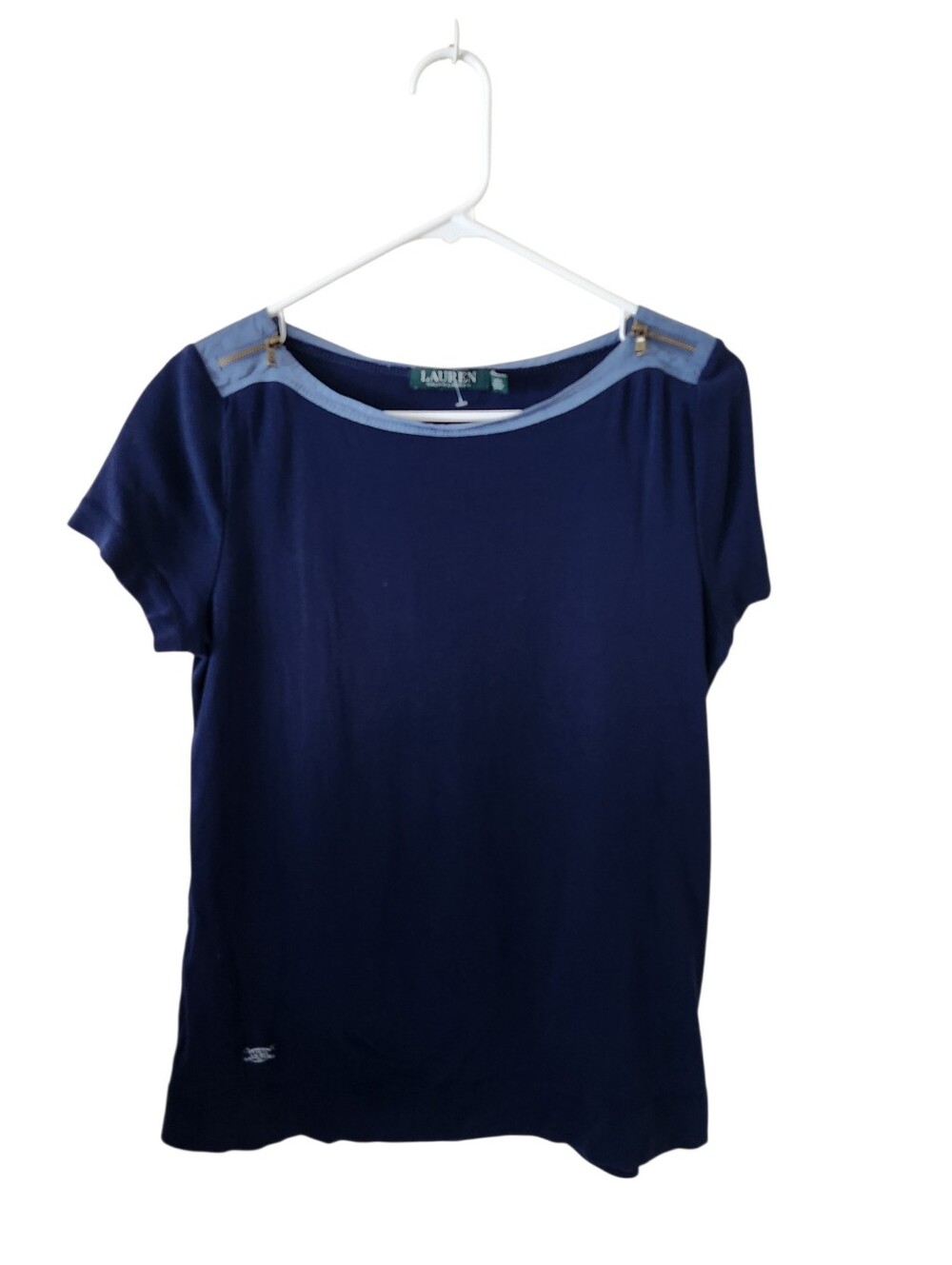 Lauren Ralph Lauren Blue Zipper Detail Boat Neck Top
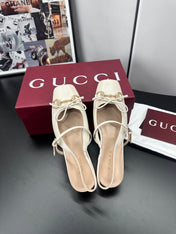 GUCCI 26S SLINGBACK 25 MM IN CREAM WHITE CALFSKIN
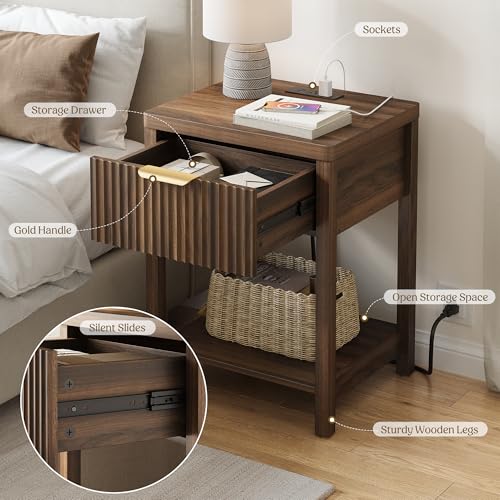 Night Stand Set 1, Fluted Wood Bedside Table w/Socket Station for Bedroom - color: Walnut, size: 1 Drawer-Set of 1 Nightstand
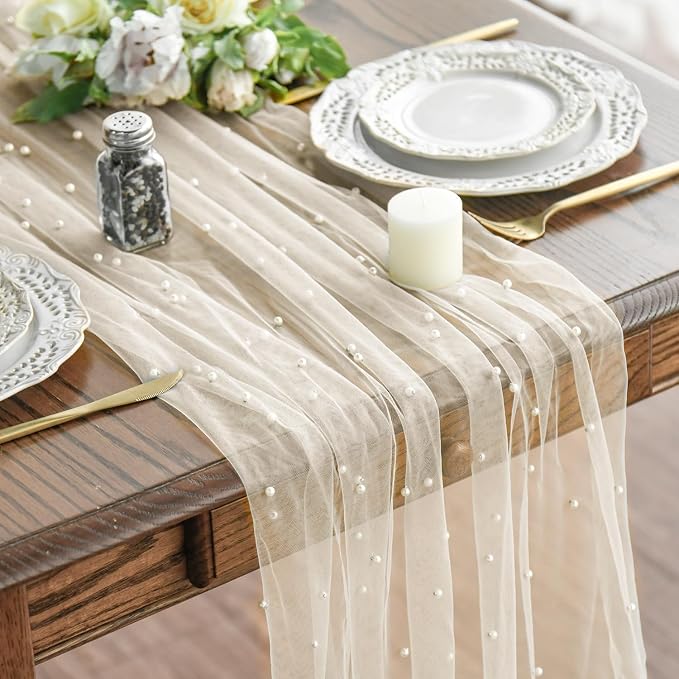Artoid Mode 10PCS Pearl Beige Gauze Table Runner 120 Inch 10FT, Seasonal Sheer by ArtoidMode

....

Task to complete.
Starting at the line that contains "Night Stand Set", retype each line through the final one in the listing, with both ends kept and the pictures omitted.

Reply.
 Night Stand Set 1, Fluted Wood Bedside Table w/Socket Station for Bedroom - color: Walnut, size: 1 Drawer-Set of 1 Nightstand
Artoid Mode 10PCS Pearl Beige Gauze Table Runner 120 Inch 10FT, Seasonal Sheer by ArtoidMode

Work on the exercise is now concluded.